--- Assignment ---
Records follow. Print exactly the lines from the one that has "Rechargeable High-Power Long-Range" through the one that has "2026/27 La Liga", inclusive, and omit the pictures.

Given records below:

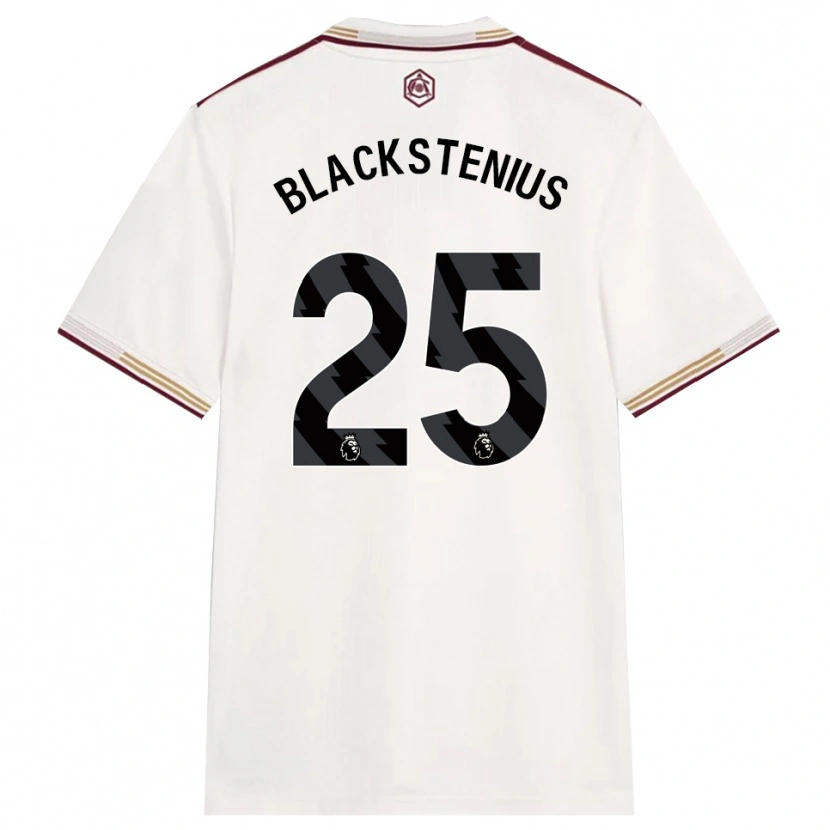 Danxen Homem Camisola Stina Blackstenius #25 Branco Sujo Borgonha Terceiro 2025/26 Camisa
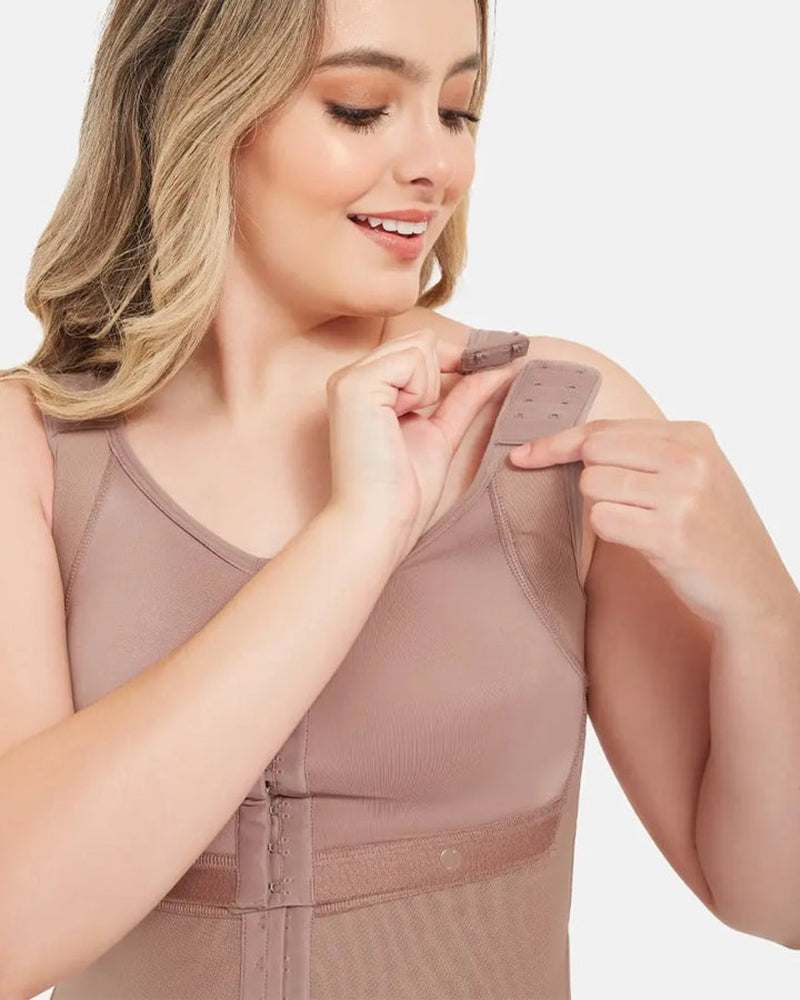 Double Compression Tummy Control Shapewear Faja With Bra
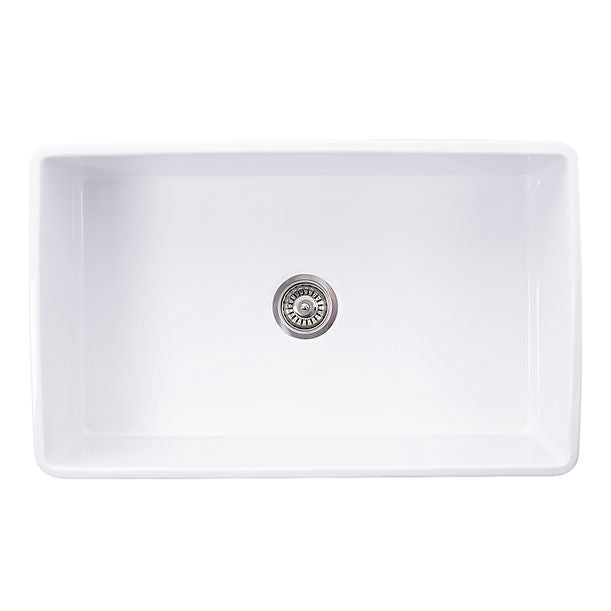 Nantucket 33" Farmhouse Fireclay Sink with Filigree Apron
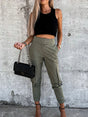 Farah Patchwork Pencil Pants
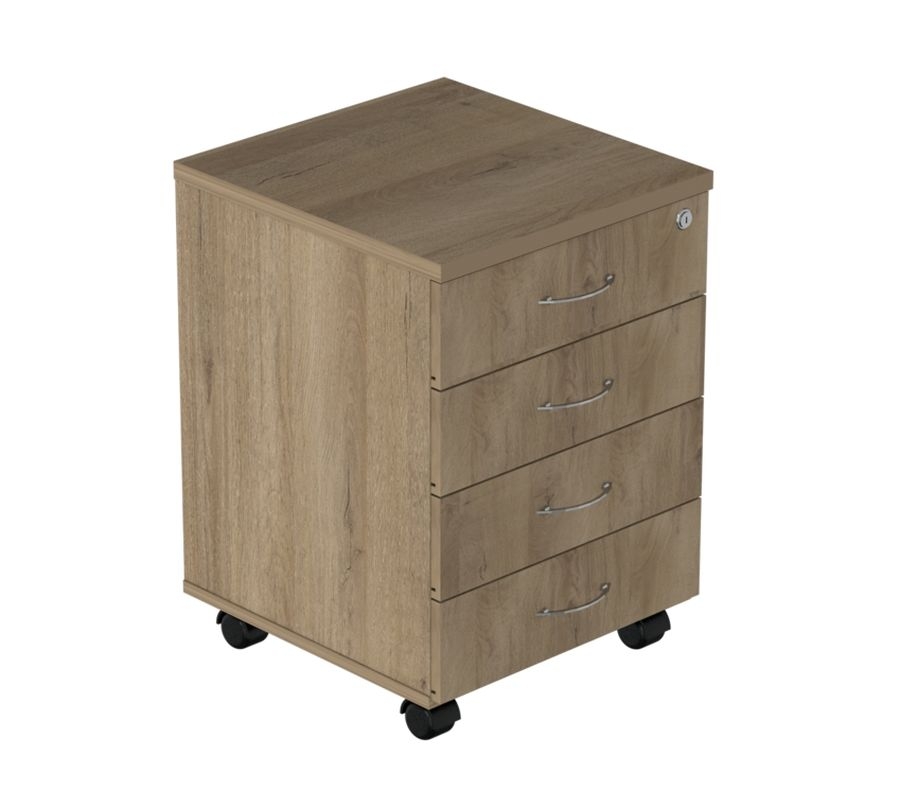 Тумба подкатная с замком Р.Т-4 ЗЦ Ясень светлый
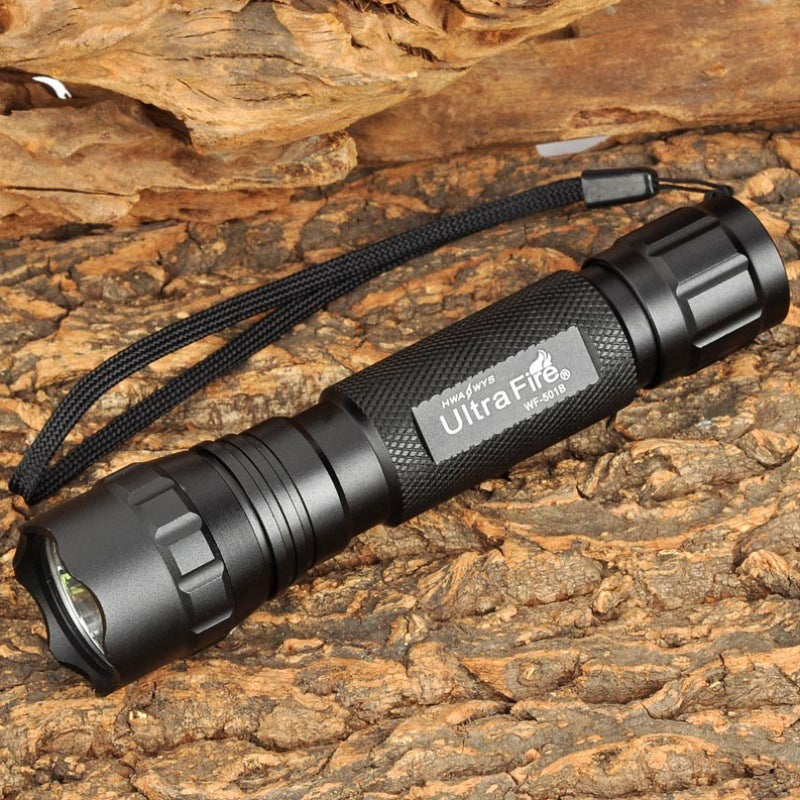 Rechargeable High-Power Long-Range LED Outdoor Flashlight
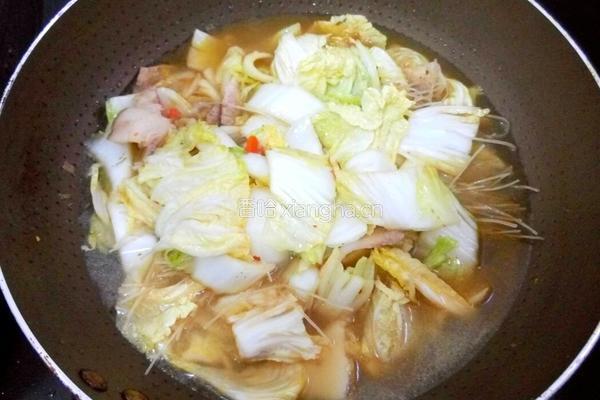 猪肉白菜炖粉条的做法图解7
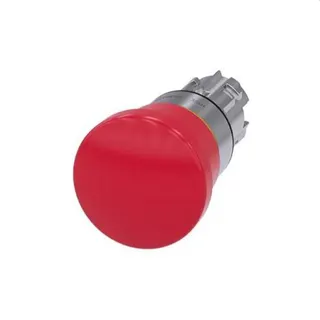 Siemens Not-Aus-Pilztaster 22mm rund, rot 3SU1050-1HA20-0AA0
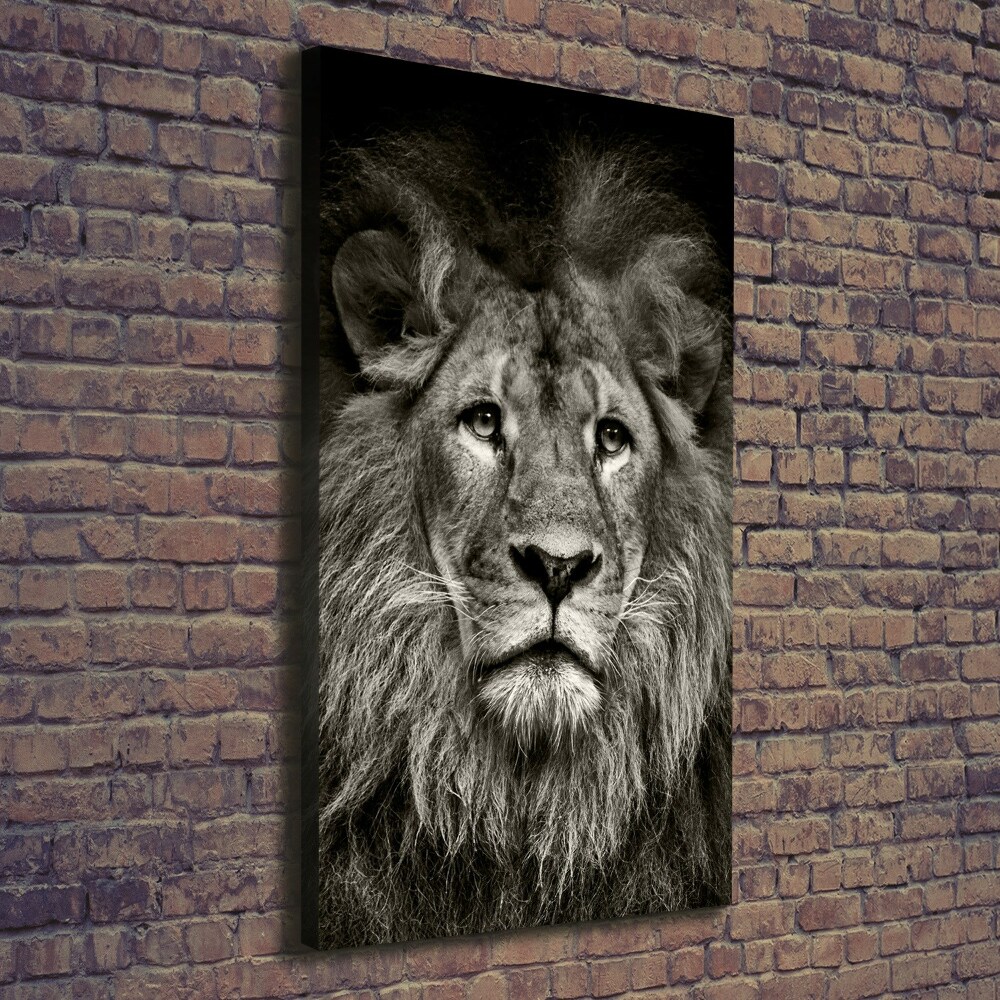 Large canvas wall art Lion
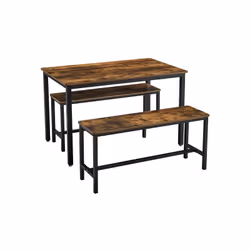 Vasagle KDT070B01, Forme rectangulaire, Table fixe, Marron, Panneau aggloméré, Maison, 4 pieds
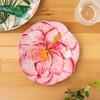 Turhong TT20748976 Palre Tropical Flower Salad Plate, 9.1 inches (23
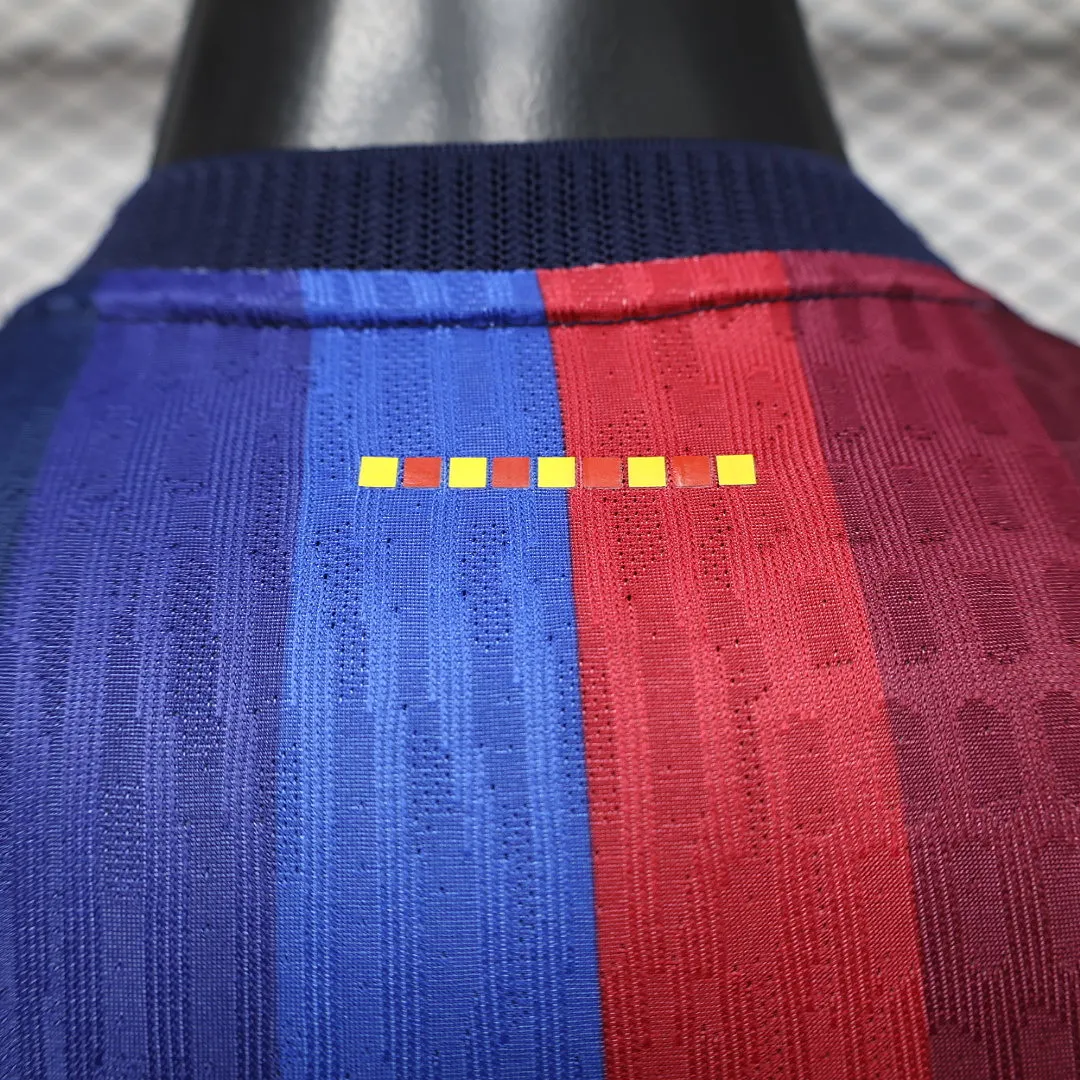 2026/27 La Liga Barcelona Team Home Football Jersey Player Version - JerseyFun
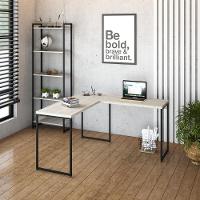 Mesa Em L Dynamica Office 135x140x75cm Snow - Est.preta Snow - Est.preta - 2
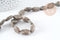 Perles ovales en jaspe sésame naturel 17x12mm, x5 (G8275)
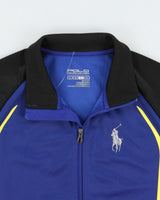 Vintage Y2K 00s Polo Ralph Lauren Women's Large Pony Funnel-Neck Tech Track Jacket - L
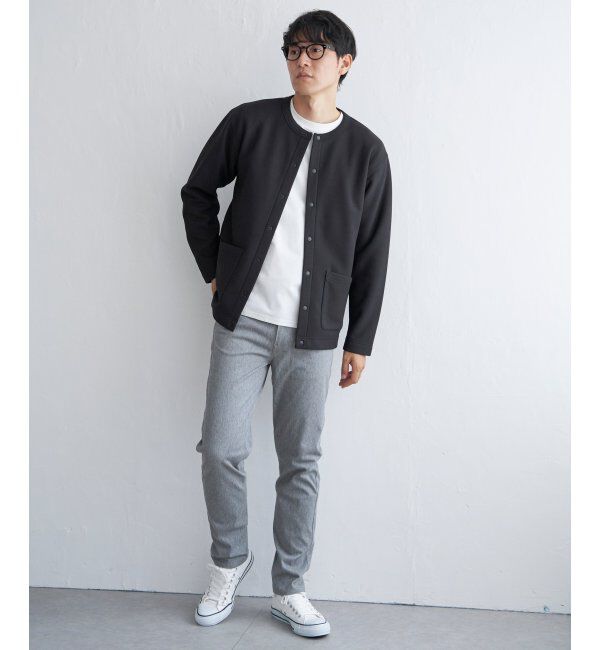 ikka「ボンディングクルーネックカーディガン」|カーディガン|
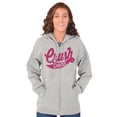 thumbnail image 1 of Cool Crush Breast Cancer Awareness Womens Plus Size Graphic Zipper Hoodie Brisco Brands 2X, 1 of 5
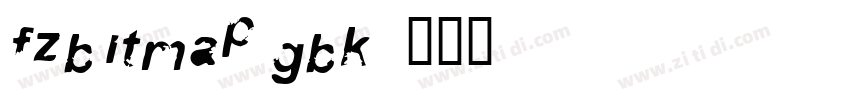 FZBitmap_GBK_字体转换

End of Given records.

--- Answer area ---
 Rechargeable High-Power Long-Range LED Outdoor Flashlight
 猪肉白菜炖粉条的做法图解7
 Siemens Not-Aus-Pilztaster 22mm rund, rot 3SU1050-1HA20-0AA0
 Large canvas wall art Lion
 Vasagle KDT070B01, Forme rectangulaire, Table fixe, Marron, Panneau aggloméré, Maison, 4 pieds
 Turhong TT20748976 Palre Tropical Flower Salad Plate, 9.1 inches (23
 2026/27 La Liga Barcelona Team Home Football Jersey Player Version - JerseyFun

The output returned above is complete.